WORK INSTRUCTIONS —
Output, word for word and without pictures, the lines from the one containing "TALKLESSFASHION VOstudio cool" through the final line of the listing below.

RAW DATA —
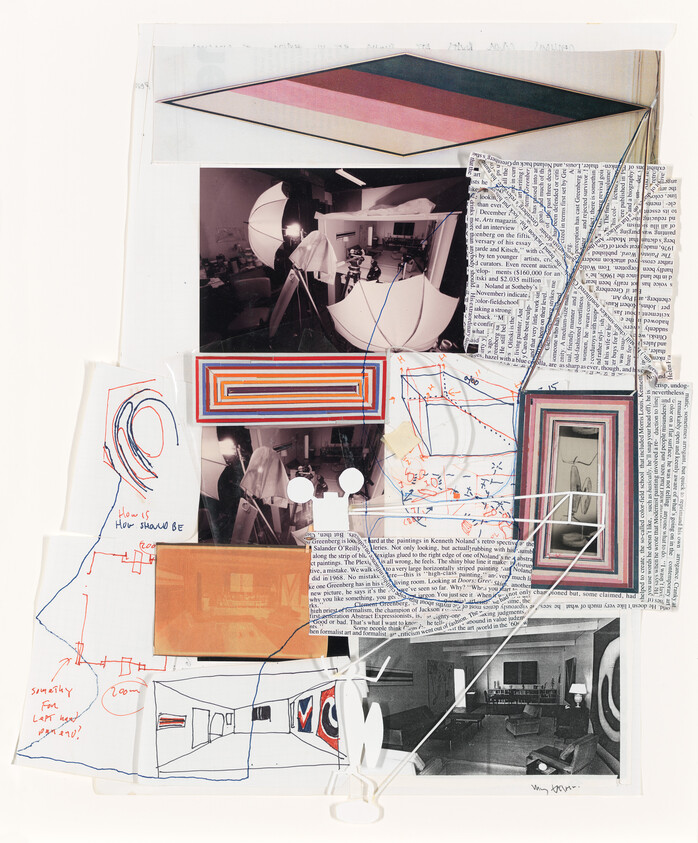 Collage of black-and-white photos, colorful geometric shapes, handwritten notes, and text clippings layered together.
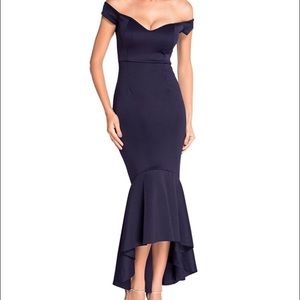 Gorgeous off the shoulder navy mermaid gown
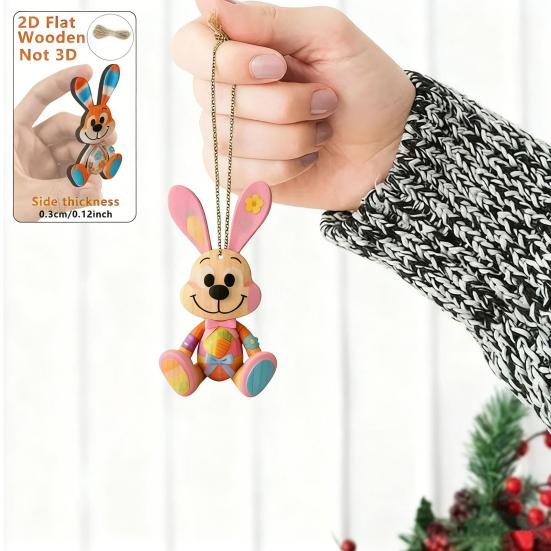 Easter Wooden Bunny Ornaments Farmhouse Rustic Wood Cutouts Hanging Decorations Spring Holiday Tree Ornaments for Home Party Decor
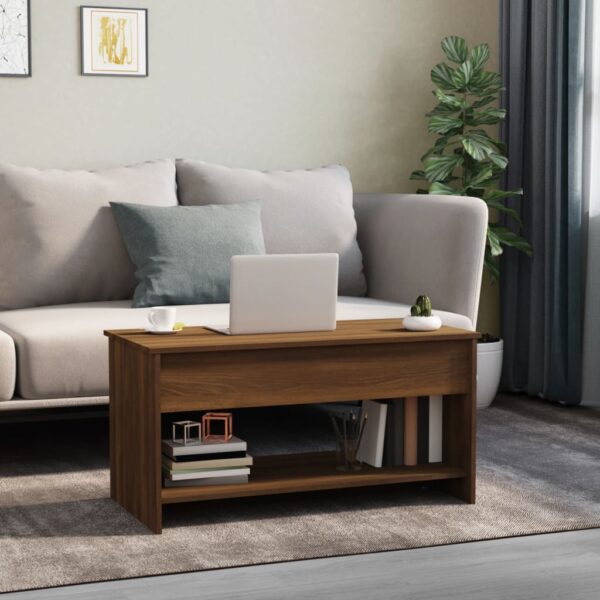 vidaXL Coffee Table Brown Oak 40.2"x19.7"x20.7" Engineered Wood - Image 3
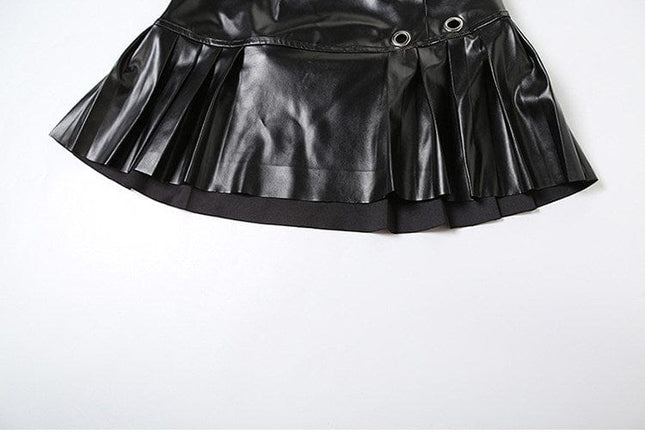 TALKLESSFASHION VOstudio cool punk high waist PU leather pleated skirt motorcycle hot girl asymmetrical corn design short skirt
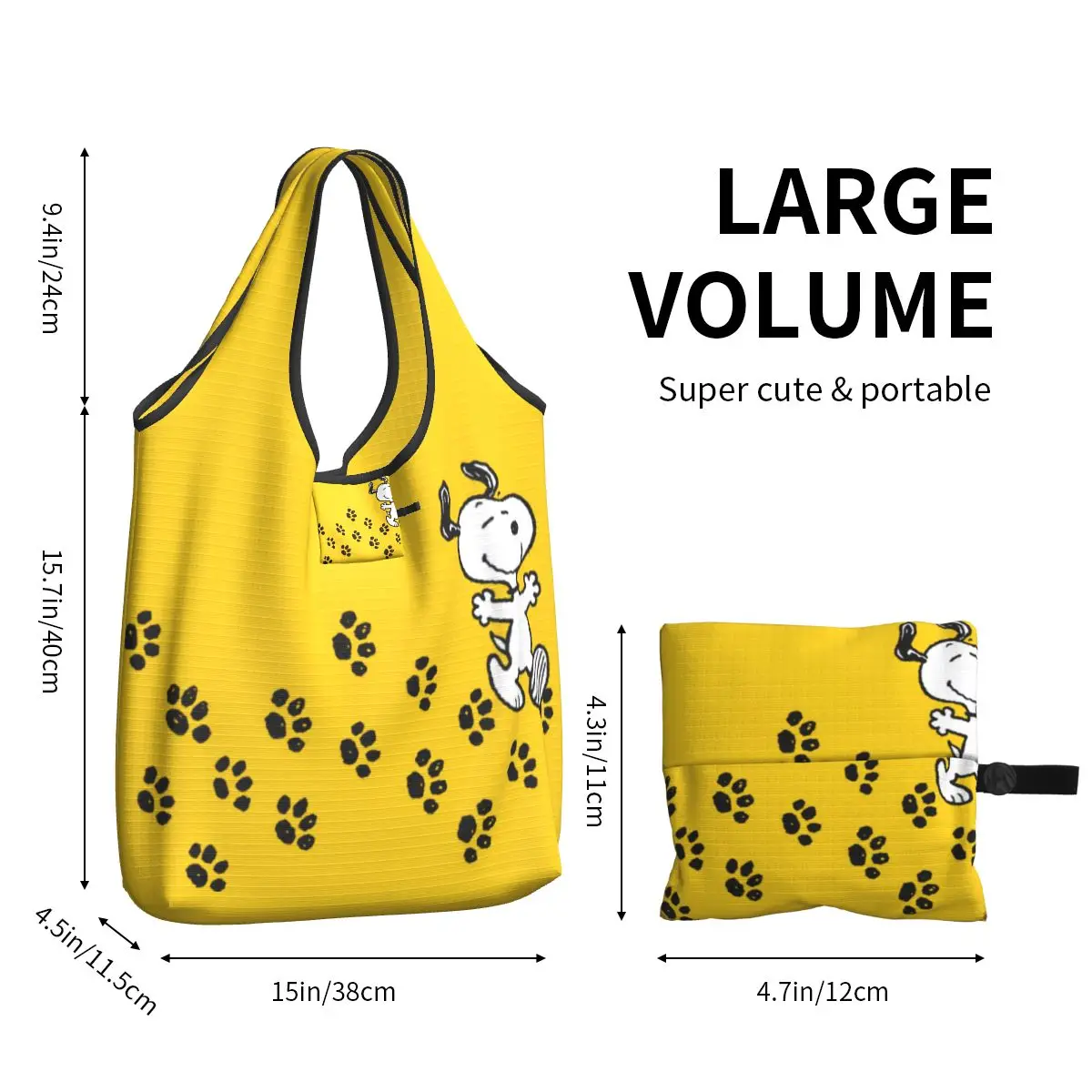 Bolso de compras personalizado con estampado de pata de Snoopys para mujer, bolsa de mano portátil con dibujos animados de cómic, perro, compras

THE COMPLETED TASK —
 TALKLESSFASHION VOstudio cool punk high waist PU leather pleated skirt motorcycle hot girl asymmetrical corn design short skirt
 Bolso de compras personalizado con estampado de pata de Snoopys para mujer, bolsa de mano portátil con dibujos animados de cómic, perro, compras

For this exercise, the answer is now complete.